Capital Gains Inclusion Rate Change Postponed: What It Means for You

For months, investors and business owners across Canada were preparing for a major shift in tax rules. Ottawa had planned to increase the capital gains inclusion rate in June 2024. That deadline has now been pushed back. The change is scheduled for January 1, 2026, but with recent political developments, even that may never happen. 

This delay offers short-term relief. It also leaves Canadians in a familiar position: planning for an uncertain future. 

Why the Government Stepped Back 

The federal budget introduced an increase to the inclusion rate from 50 percent to 66.67 percent. For individuals, the higher rate would only have applied to annual gains above $250,000.  Corporations and most trusts would have been subject to the higher rate on all gains. 

The Department of Finance later confirmed that the plan was not ready to move forward. Instead, it will revisit the measure in 2026 [1]. For the next two tax years, gains will continue to be taxed under the existing 50 percent inclusion rate. 

Other Budget Changes Still Apply 

Not every measure was put on hold. Two major changes announced alongside the inclusion rate hike remain in effect: 

  • Lifetime Capital Gains Exemption (LCGE): The exemption has increased to $1.25 million for the sale of qualifying small business shares and farming or fishing property [2]. 
  • Canadian Entrepreneurs’ Incentive (CEI): This incentive gradually lowers the inclusion rate to one third on up to $2 million in lifetime gains for eligible entrepreneurs on the sale of eligible business property. It begins to phase in this year, with full implementation by 2029 – i.e., maximum $400,000 capital gain will be eligible for CEI per year [3]. 

These programs provide targeted relief, especially for owners of private companies. 

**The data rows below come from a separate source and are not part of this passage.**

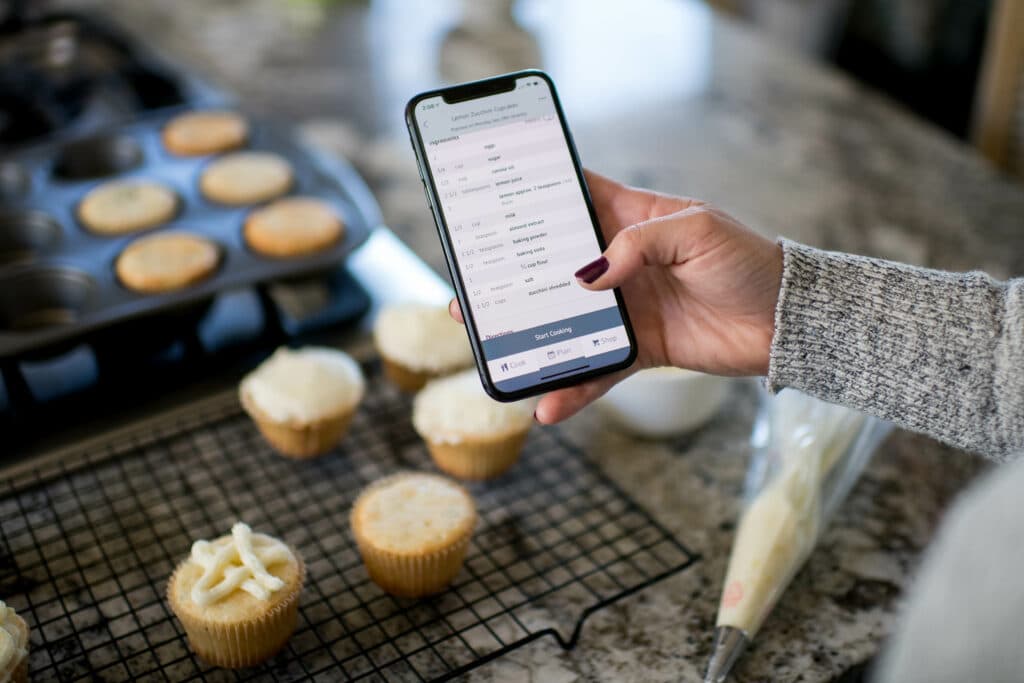 cropped image of a woman's hand holding a phone with a recipe visible, while frosting cupcakes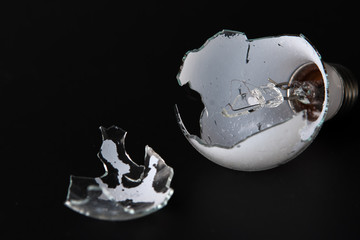 Broken light bulb isolated on black background with shattered piece of lightbulb.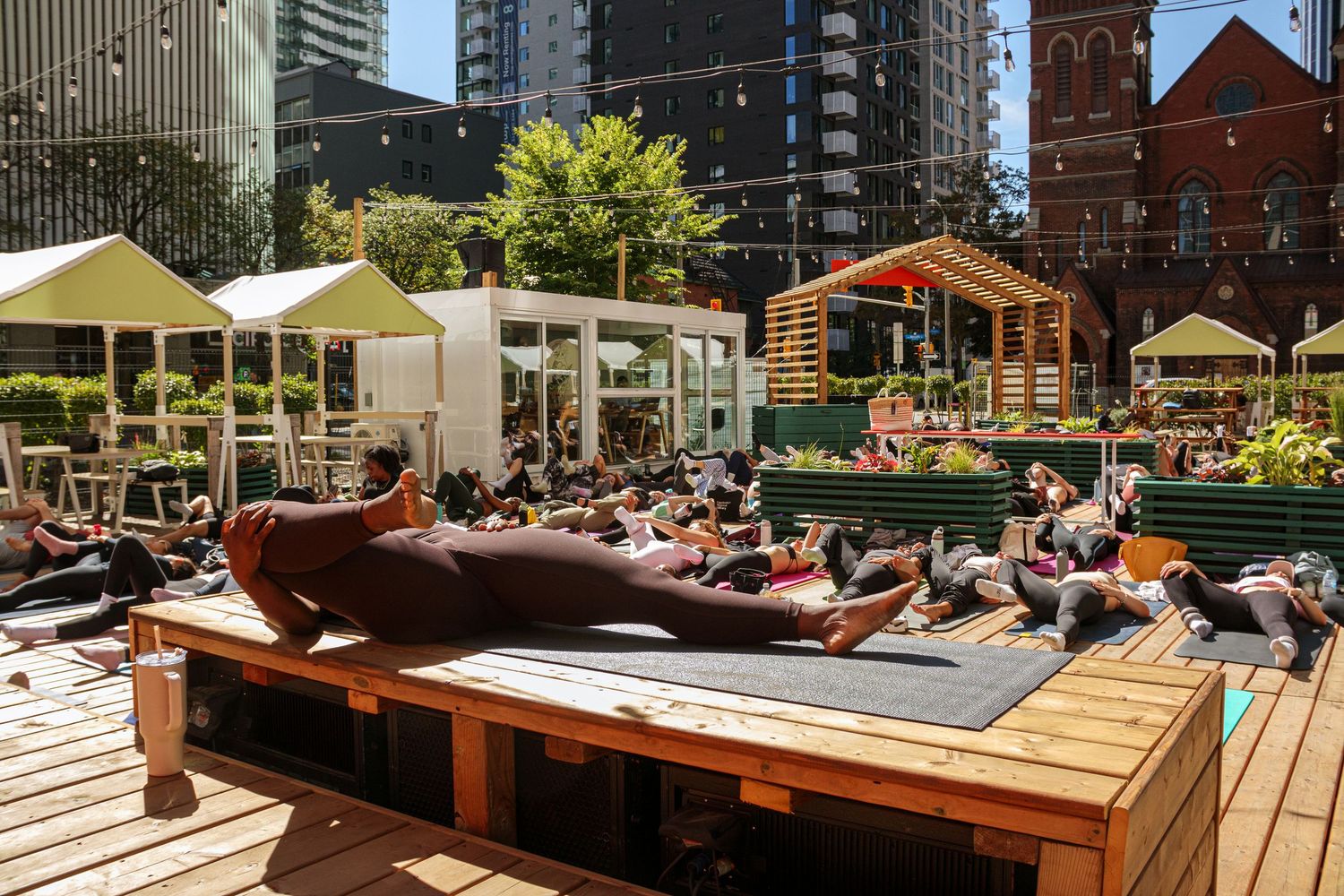 Outdoor patio seating area with umbrellas and tables in an urban setting.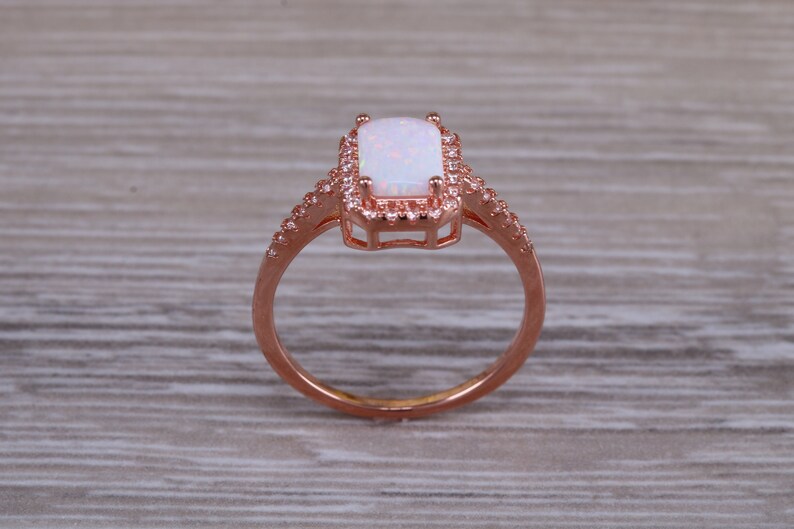 solid sterling silver ring further 18ct rose gold plated Very sparkly and fiery Opal and cubic zirconia set dress ring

What This Means for Individuals 

For individuals, the pause means more time. If you were weighing whether to sell investments in 2024 to avoid a bigger tax bill, that urgency has eased. The 50 percent inclusion rate remains in place through 2025. 

The government is delaying the effective date of the increase to January 1, 2026. The Federal Liberals considered a pause on collecting the new taxes and the Finance Minister Dominic LeBlanc confirmed this on the social media platform X. [4]. 

It is also worth noting that changes to the Alternative Minimum Tax (AMT) began in January 2024. Even with the inclusion rate unchanged, some taxpayers with large gains may face higher AMT exposure [5]. 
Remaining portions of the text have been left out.